PROMPT:
From the line with "Pusteblume - Impressionen" through the line with "Found/Stray Male Cat", inclusive, return each line of the data below exactly and leave the rest out.

LISTED ENTRIES:
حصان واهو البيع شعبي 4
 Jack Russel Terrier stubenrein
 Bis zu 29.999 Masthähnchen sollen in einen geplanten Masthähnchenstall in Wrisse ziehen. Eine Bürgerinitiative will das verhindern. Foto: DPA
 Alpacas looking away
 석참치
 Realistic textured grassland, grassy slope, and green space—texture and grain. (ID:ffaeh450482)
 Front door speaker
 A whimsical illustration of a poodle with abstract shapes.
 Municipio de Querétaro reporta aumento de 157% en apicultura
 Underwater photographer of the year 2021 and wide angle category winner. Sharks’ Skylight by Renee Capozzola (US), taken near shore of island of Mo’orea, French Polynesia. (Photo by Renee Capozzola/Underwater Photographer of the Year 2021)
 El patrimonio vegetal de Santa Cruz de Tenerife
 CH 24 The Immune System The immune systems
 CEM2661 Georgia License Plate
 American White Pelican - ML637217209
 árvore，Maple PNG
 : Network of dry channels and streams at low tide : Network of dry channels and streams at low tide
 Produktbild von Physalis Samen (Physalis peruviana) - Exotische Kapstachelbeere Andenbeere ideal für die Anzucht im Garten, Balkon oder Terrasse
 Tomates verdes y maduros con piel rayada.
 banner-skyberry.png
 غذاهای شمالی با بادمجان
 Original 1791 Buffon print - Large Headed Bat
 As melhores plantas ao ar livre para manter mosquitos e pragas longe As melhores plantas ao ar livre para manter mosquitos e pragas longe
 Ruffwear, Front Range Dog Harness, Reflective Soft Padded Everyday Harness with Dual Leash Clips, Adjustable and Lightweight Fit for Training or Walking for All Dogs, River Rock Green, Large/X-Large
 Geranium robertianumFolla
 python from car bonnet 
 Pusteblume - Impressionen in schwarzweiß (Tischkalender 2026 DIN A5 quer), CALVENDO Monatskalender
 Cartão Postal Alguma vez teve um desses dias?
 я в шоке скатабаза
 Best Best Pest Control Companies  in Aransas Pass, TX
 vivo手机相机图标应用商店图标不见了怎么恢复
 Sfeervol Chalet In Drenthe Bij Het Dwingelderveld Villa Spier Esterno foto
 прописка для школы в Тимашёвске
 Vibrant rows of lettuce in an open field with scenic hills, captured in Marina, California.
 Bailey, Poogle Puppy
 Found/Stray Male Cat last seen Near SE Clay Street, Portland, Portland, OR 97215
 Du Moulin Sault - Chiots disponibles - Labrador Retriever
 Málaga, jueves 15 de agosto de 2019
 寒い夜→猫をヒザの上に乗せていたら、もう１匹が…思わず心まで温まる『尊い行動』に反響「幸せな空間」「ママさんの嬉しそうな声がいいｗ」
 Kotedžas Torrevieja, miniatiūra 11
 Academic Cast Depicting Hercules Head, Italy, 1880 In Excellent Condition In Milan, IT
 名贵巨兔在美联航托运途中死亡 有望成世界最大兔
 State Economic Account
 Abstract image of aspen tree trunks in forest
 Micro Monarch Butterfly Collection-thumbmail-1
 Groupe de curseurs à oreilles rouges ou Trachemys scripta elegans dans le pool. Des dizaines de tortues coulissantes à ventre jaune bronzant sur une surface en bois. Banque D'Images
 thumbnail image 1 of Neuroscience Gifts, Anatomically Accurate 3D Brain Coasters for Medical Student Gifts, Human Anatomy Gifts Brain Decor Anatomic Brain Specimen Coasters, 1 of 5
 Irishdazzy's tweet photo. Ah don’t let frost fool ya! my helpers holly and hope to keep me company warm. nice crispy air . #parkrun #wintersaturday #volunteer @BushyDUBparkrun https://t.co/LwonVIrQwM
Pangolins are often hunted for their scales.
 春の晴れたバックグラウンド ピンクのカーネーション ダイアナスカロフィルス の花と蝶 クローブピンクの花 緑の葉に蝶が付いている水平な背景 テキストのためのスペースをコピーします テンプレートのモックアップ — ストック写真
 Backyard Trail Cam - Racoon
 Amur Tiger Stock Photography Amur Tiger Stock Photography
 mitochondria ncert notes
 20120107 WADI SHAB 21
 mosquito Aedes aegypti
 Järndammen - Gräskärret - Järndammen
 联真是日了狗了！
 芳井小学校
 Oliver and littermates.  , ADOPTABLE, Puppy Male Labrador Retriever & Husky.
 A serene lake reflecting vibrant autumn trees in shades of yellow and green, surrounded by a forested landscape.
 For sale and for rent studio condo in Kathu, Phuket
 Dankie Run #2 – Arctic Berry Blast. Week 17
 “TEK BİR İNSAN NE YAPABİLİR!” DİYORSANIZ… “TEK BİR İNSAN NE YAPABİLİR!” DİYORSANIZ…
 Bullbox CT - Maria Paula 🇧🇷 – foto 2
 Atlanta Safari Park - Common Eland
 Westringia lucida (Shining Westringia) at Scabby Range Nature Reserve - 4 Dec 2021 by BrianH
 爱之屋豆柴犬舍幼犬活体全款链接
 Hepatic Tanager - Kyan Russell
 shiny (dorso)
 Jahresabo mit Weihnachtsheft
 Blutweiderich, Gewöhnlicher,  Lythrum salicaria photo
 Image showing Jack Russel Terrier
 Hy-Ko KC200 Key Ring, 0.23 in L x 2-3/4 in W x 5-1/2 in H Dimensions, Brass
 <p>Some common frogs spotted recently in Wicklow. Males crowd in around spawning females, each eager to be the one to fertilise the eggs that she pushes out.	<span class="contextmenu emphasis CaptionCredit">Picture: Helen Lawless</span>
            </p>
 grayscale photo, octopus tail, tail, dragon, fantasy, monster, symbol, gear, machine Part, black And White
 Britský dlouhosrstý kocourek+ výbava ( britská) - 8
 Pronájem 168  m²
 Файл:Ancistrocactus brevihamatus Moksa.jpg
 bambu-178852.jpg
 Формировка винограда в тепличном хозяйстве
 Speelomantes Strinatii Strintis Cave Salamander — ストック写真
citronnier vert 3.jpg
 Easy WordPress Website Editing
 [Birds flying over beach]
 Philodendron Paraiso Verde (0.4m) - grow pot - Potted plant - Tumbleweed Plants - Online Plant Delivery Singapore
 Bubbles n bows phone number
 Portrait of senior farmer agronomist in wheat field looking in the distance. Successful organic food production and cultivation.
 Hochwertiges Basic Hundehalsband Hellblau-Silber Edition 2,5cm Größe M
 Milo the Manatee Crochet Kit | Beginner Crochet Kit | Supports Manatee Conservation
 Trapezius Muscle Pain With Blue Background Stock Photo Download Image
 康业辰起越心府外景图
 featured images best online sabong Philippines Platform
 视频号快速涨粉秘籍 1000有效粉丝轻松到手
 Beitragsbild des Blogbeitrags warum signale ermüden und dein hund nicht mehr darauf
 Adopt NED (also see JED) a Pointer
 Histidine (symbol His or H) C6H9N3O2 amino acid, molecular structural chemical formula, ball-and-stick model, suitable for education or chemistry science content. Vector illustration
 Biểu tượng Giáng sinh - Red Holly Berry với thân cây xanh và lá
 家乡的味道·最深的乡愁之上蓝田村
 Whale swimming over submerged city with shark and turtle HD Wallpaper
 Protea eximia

ANSWER TO THE EXERCISE:
 Pusteblume - Impressionen in schwarzweiß (Tischkalender 2026 DIN A5 quer), CALVENDO Monatskalender
 Cartão Postal Alguma vez teve um desses dias?
 я в шоке скатабаза
 Best Best Pest Control Companies  in Aransas Pass, TX
 vivo手机相机图标应用商店图标不见了怎么恢复
 Sfeervol Chalet In Drenthe Bij Het Dwingelderveld Villa Spier Esterno foto
 прописка для школы в Тимашёвске
 Vibrant rows of lettuce in an open field with scenic hills, captured in Marina, California.
 Bailey, Poogle Puppy
 Found/Stray Male Cat last seen Near SE Clay Street, Portland, Portland, OR 97215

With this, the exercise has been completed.